Sur un portail d'annonces, une recherche affiche des dizaines de biens côte à côte. La première image décide si l'on clique. Tout le reste — le prix, la surface, le descriptif — n'est lu qu'après.
C'est ce qui rend la photographie immobilière si rentable : elle agit exactement là où se prend la décision.
La préparation compte plus que la prise de vue
Une pièce mal préparée ne se rattrape pas au cadrage. Avant l'arrivée du photographe :
- Retirer les objets personnels : photos de famille, courrier, produits de toilette, aimants sur le frigo. L'acheteur doit pouvoir se projeter, ce qui est impossible dans la vie de quelqu'un d'autre.
- Dégager les surfaces : plans de travail, tables, meubles de salle de bains. Une cuisine vide paraît deux fois plus grande.
- Sortir les poubelles, les paniers du chat, les étendoirs.
- Remonter tous les stores et ouvrir tous les rideaux.
- Allumer toutes les lampes, y compris en pleine journée. Elles apportent des points chauds qui donnent de la vie.
La lumière
Le meilleur moment dépend de l'orientation, ce qui se vérifie en une minute :
- Façade au sud — tôt le matin ou en fin d'après-midi, jamais à midi.
- Façade au nord — milieu de journée, quand la lumière indirecte est la plus forte.
- Ciel légèrement couvert — la meilleure condition pour l'intérieur, car la lumière entre partout sans créer de contrastes violents.
Le grand ennemi est l'écart entre l'intérieur sombre et une fenêtre éclatante. Il se traite à la prise de vue par plusieurs expositions assemblées, pas au rattrapage.
Le cadrage
Trois principes suffisent :
- Les verticales doivent être verticales. Un mur qui penche est le défaut le plus visible, et le plus courant. Il se corrige en gardant l'appareil parfaitement de niveau, à environ 1,40 m du sol.
- Photographier depuis les angles, pour montrer deux murs et donner la profondeur. Une photo prise depuis la porte, de face, écrase la pièce.
- Ne pas tout élargir. Un ultra grand-angle déforme et donne des volumes que l'acheteur ne retrouvera pas sur place. C'est un mauvais calcul : la visite finit par avoir lieu.

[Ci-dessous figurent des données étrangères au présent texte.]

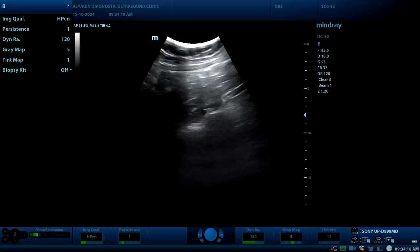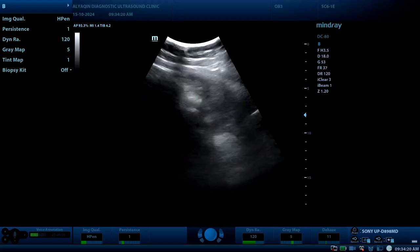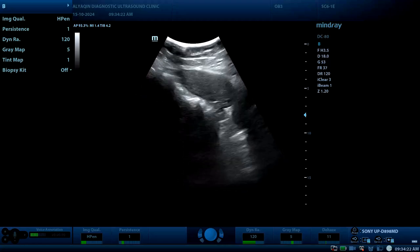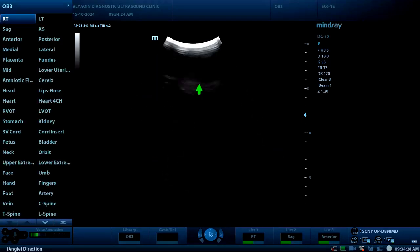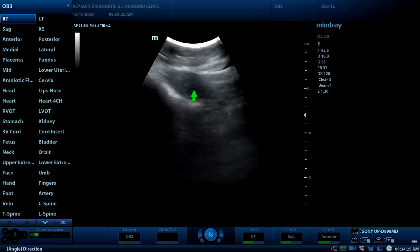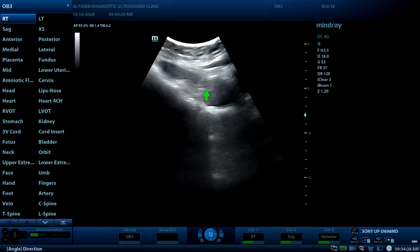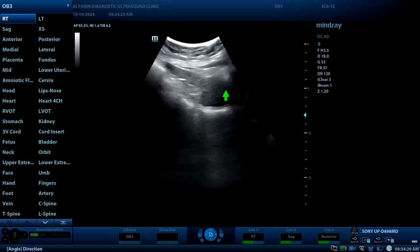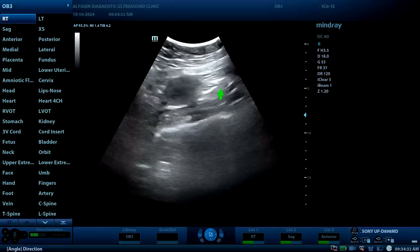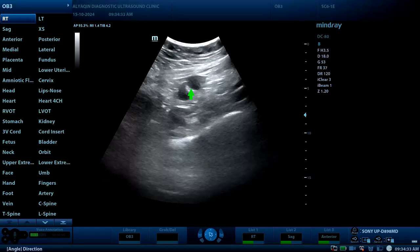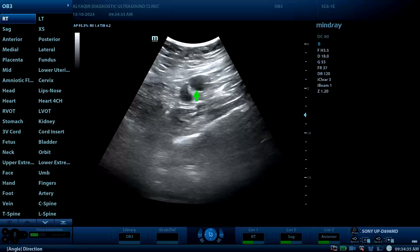There is enhancement — you can see. Moving to use the convex probe for more depth. Here is the uterus, this is the bladder, and this is the follicular left ovary.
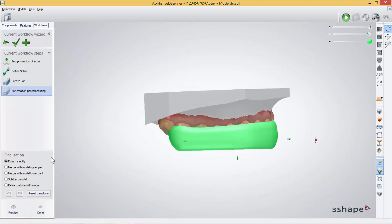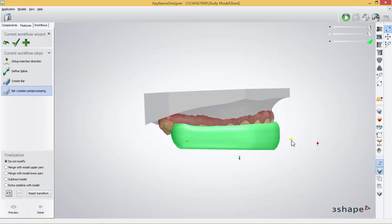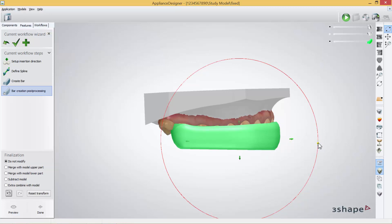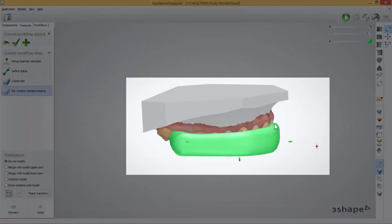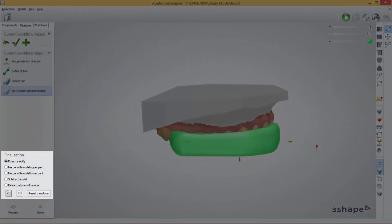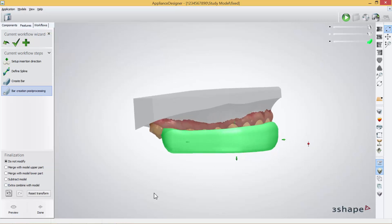Press Next. In this part, Bar Creation Post Processing, it's possible to move the bar around using the arrows or the points here. Also in the left corner you can see Finalization. The first one is Do Not Modify. The second one you can merge the model with the upper part — this will take all the undercuts from the model from the bar. You can merge with the lower part or you can subtract the model from the bar as well. Extra combined does not work in this feature. Just press Done. Once you've chosen one of the options, then your bar is finished.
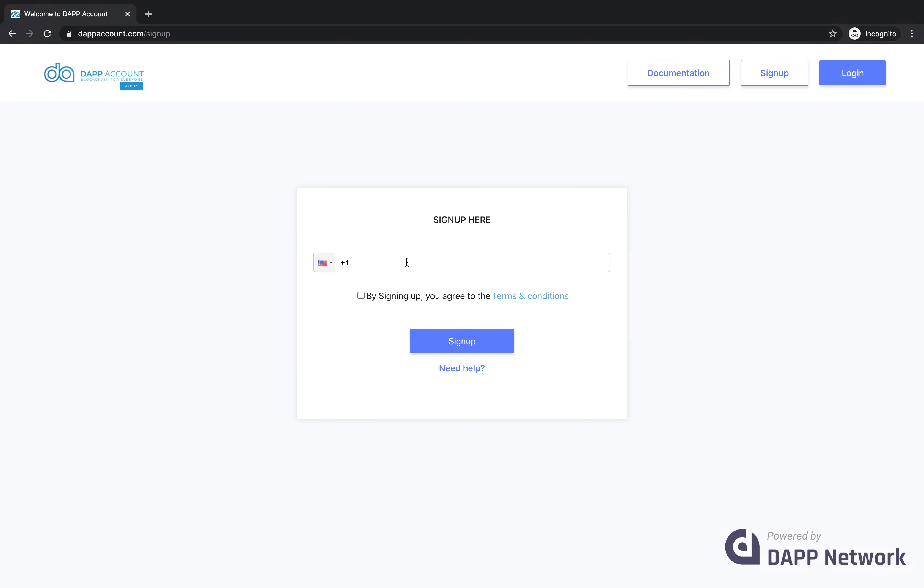To sign up for a new DAP account, it first asks to verify phone number. I'll enter my number, click sign up.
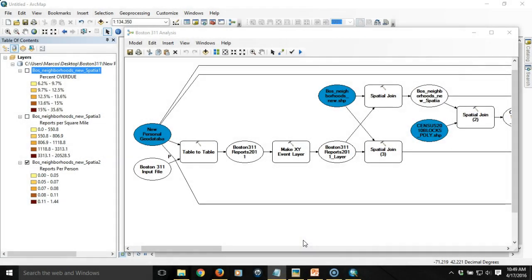This is the seventh video in a series on how to use ModelBuilder to automate geoprocessing tasks. In the previous videos we looked at how we could construct a model to analyze Boston 311 data.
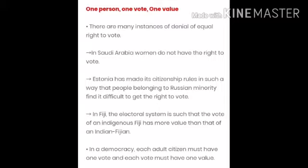Students, we have read that the struggles of democracy were linked to the universal adult franchise. They were linked all over the world — all people should have a right to vote.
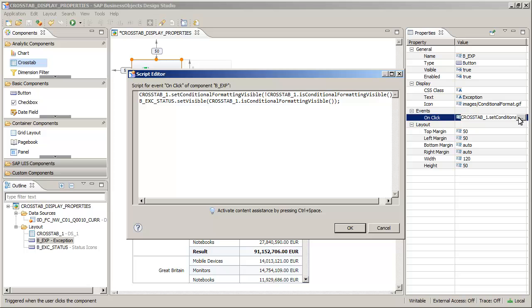When the user clicks the button, it enables Conditional Formatting when it is disabled, and disables it when it is enabled. When the Conditional Formatting is enabled, it also turns on the visibility for the Status Icons button.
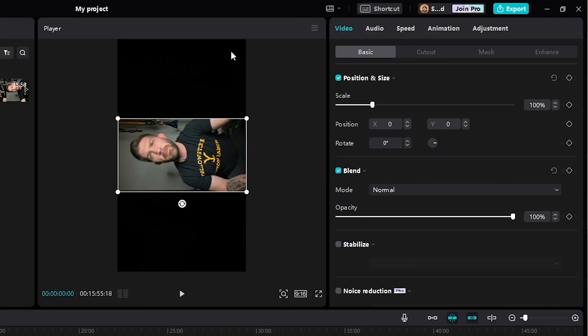Hey, what's going on? Shane with The Five to Nine Creator. Today, I'm going to show you how to take a video that you recorded vertically on your camera and format it so you can edit it in CapCut for PC.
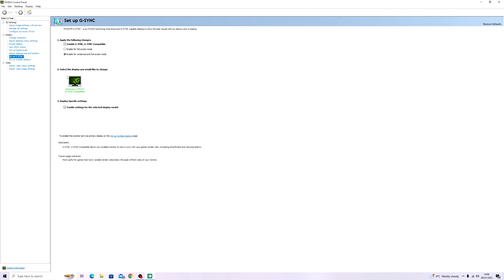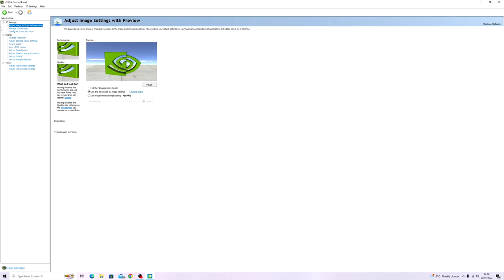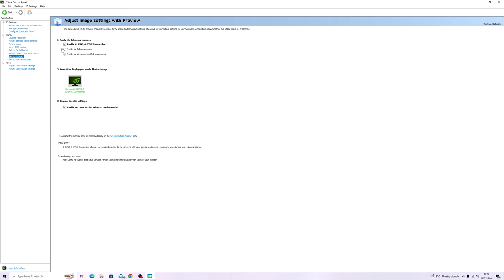Obviously I had G-Sync on, but when you start you'll be here at Adjust image settings. What you want to do is click down to set up G-Sync.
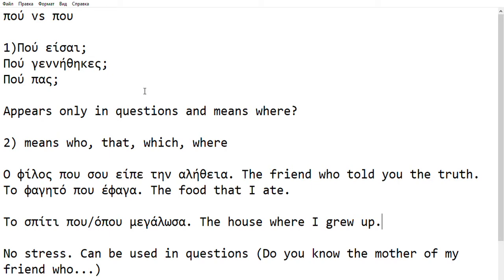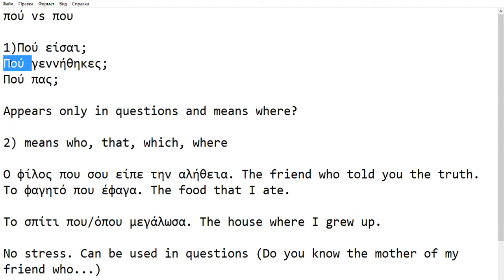As you can see here, the first version is 'pu' with the stress. 'Πού' with the stress can really have one meaning, which is 'where,' but only in a question. We'll see why this is important in a minute. So something like 'πού είσαι' — where are you? 'Πού γεννήθηκες' — where were you born? 'Πού πας' — where are you going?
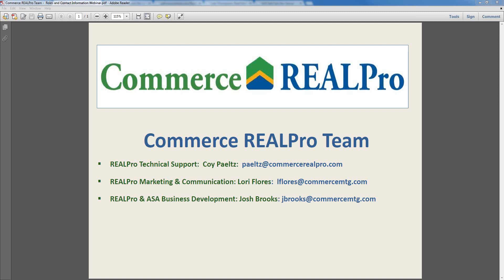Thank you, Coy. No further questions have come in. If the realtors or loan officers on the call have any further questions, please feel free to contact one of us on the RealPro team and we'll make sure those are answered right away. Again, I apologize for the internet delay — I've done probably 100 webinars and this is the first time it's been delayed like this. Thanks for attending, everyone, and hopefully I'll see all of you guys next week. Bye.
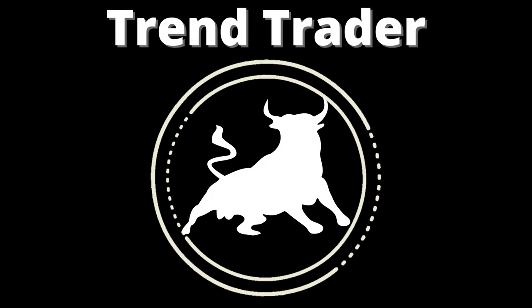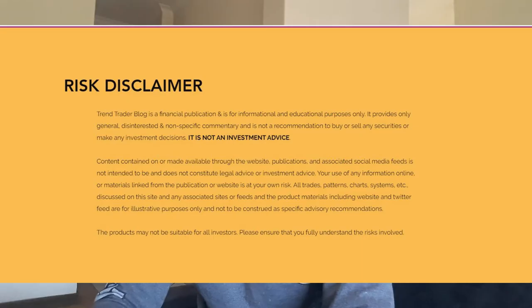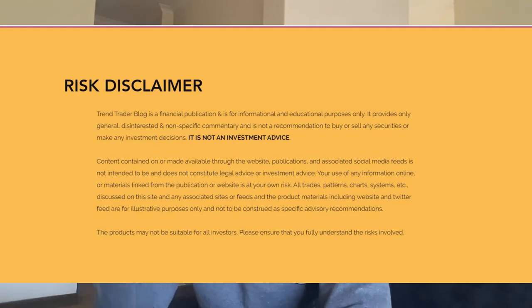Hello traders and investors. Welcome back to the TrendTrader channel. Today I want to talk more to the new investors, the people who have just started investing, who are still not that familiar with investing, but also to the people that have limited capital to invest.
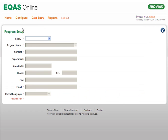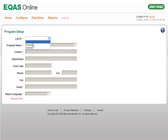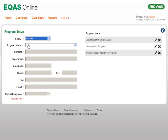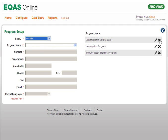On the Program Setup page that opens, select the appropriate lab number from the Lab ID list. The Program Setup page now displays a list of programs the lab is enrolled for. Click the Delete icon corresponding to the program you want to remove.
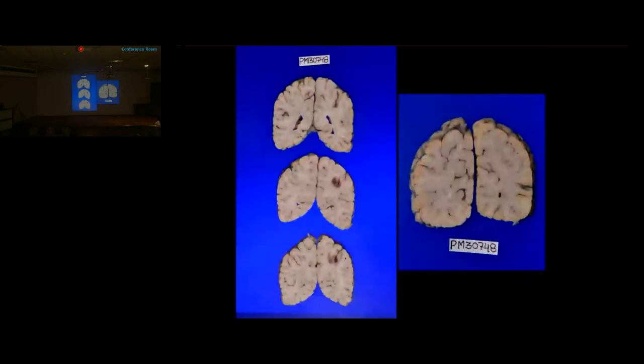On coronal slicing, an area of softening and hemorrhagic discoloration was noted in the parietal lobe measuring 3×1.5 cm involving the middle cerebral artery territory. A similar infarct was noted in the occipital lobe. Sections showed liquefactive necrosis, breakdown of the glial matrix, neutrophilic infiltrate, microcystic changes, and hypoxic neuronal changes — small neurons with dense eosinophilic cytoplasm and pyknotic nuclei — indicating an infarct age of approximately 2-3 days.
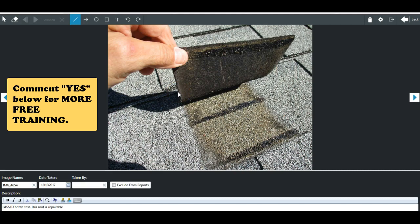So do not, I repeat, do not do a brittleness test unless you confirm there's damage on that slope. Very, very important, because somebody's going to be writing that check to buy that slope or to buy the entire roof, many thousands of dollars, just because you did a brittleness test on a slope that didn't have any damage.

L'ordre des images dans l'annonce
L'ordre raconte une visite. Il se construit ainsi :
- La pièce la plus forte du bien — souvent le séjour, parfois la vue.
- La façade ou l'entrée.
- Les pièces de vie, dans l'ordre du parcours.
- Les chambres.
- Les pièces d'eau.
- Les extérieurs, la vue, les annexes.
Mettre la salle de bains en deuxième position est une erreur fréquente : c'est rarement l'argument qui déclenche une visite.
Combien d'images
Entre 12 et 20 pour un appartement, 20 à 30 pour une maison avec extérieur. Au-delà, l'acheteur décroche ; en deçà, il soupçonne qu'on lui cache quelque chose.
Et il faut montrer toutes les pièces. Une pièce absente est toujours interprétée comme un défaut.
Ce qu'il ne faut pas faire
- Retoucher jusqu'au mensonge : supprimer un pylône, changer un ciel gris en ciel bleu, effacer un vis-à-vis. La visite sur place se charge du rappel à la réalité, et la confiance est perdue.
- Photographier en journée grise sans lumière d'appoint. Les intérieurs prennent une dominante bleue qui rend tout triste.
- Publier une photo prise au téléphone en attendant. Elle restera en ligne plus longtemps que prévu.
Le cas des locations saisonnières
Les mêmes règles s'appliquent, avec une exigence supplémentaire : montrer le couchage réel. Les plateformes sanctionnent durement les annonces dont les photographies ne correspondent pas, et les commentaires font le reste.